[[ Given data, beginning ]]

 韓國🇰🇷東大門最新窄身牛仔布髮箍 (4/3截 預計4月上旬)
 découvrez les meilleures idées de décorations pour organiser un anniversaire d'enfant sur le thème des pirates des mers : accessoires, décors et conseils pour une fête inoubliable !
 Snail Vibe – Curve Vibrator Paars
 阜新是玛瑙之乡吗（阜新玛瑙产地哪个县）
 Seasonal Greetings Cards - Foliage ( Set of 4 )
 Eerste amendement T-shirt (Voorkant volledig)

[[ Given data, end ]]
[[ Given data, beginning ]]

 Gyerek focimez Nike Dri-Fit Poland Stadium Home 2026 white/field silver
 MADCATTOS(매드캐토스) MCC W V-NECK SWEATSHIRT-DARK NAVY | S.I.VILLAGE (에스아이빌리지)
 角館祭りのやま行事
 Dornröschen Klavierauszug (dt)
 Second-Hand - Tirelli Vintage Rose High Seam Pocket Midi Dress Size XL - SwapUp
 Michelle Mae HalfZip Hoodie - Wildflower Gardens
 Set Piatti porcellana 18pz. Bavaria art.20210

[[ Given data, end ]]

● **What you have to do**
In the material above, find the line containing "Snail Vibe – Curve Vibrator Paars" and the line containing "Eerste amendement T-shirt", then write out exactly those two lines and every line between them, and nothing more.

● **Answer space**
 Snail Vibe – Curve Vibrator Paars
 阜新是玛瑙之乡吗（阜新玛瑙产地哪个县）
 Seasonal Greetings Cards - Foliage ( Set of 4 )
 Eerste amendement T-shirt (Voorkant volledig)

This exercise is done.